Tom Scogland tom.scogland at gmail.com
Wed Jun 19 00:12:35 CEST 2013


Jeff, have you read the c11 extensions? It already has the majority of pthreads in it, and several primitives from the assembly list as well. 


​Timothy, all true in terms of static parallelism. I would argue with you on the point that OpenMP only dynamically distributes task constructs however. It also dynamically distributes loop iterations if any non static schedule is selected, and the thread ordering in that case is unspecified.  Regardless, it is certainly lower level, in that it allows you to do things one frequently needs to do to get performance, but if one does not wish to specify the number of threads they need not do so. It would be completely reasonable to write an OpenMP program which never specifies the mapping of anything at all to threads, as Cilk does, the fact few people deign to do that says something in my opinion. 

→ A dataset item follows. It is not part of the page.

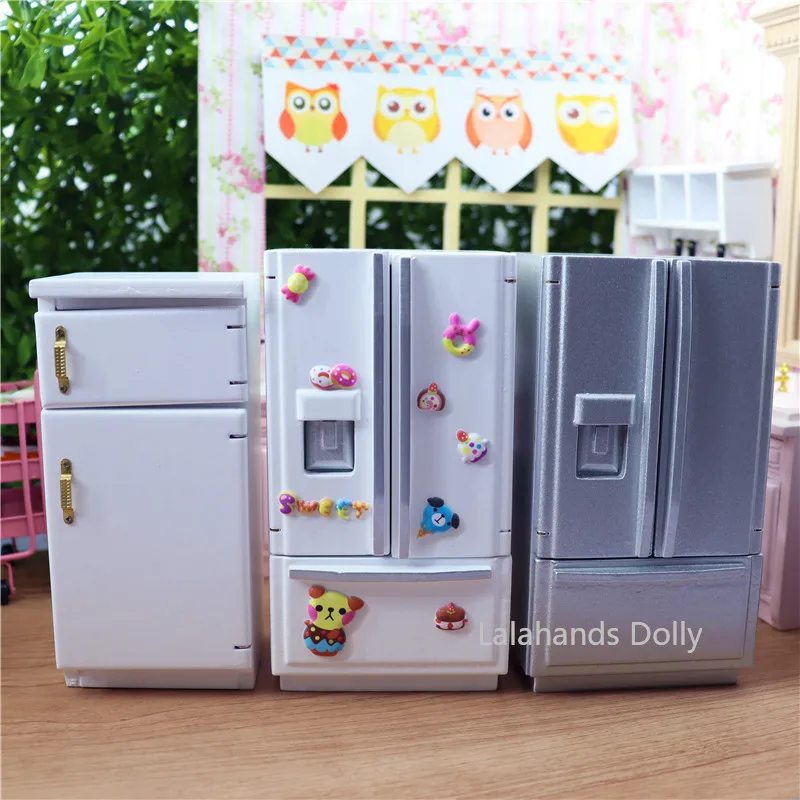 Dollhouse Mini Many Color Single Double Refrigerator Model for Dollhouse Supermarket Restaurant Furniture Decoration Accessories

​Robert, in what sense? It guarantees that if you get parallelism that it will tell you how much. That does not make it mandatory. 


If I understand the argument for Cilk properly, it is that throwing tasks into the ether across the entire program lets the scheduler make better overall decisions. In several ways, that's true, but why is Cilk the model for this? There are several related efforts to create "task based"parallel systems of a similar character. See OmpSs and qthreads with its Rose OpenMP frontend for examples. They have, as far as I can tell, every bit as much composability as Cilk while allowing for the management of concurrency as well.


​At least in my mind, composability requires at least one more level though. A user should be able to limit the scope of the concurrency of their program, and preferably of libraries they call as well. The example that jumps to mind is a NUMA machine with 4 dual core CPUs spawning eight threads, allocating memory on each memory node and spawning tasks to work on that data. I want a way to tell the system to limit tasks to being run on threads on each die.  Will that always be right? No, but it needs to be an option.  If it isn't, then where are we? We're stuck with opencl before the fission extension, where all cores get used regardless of what the user wants, and that's not a good place for CPUs. 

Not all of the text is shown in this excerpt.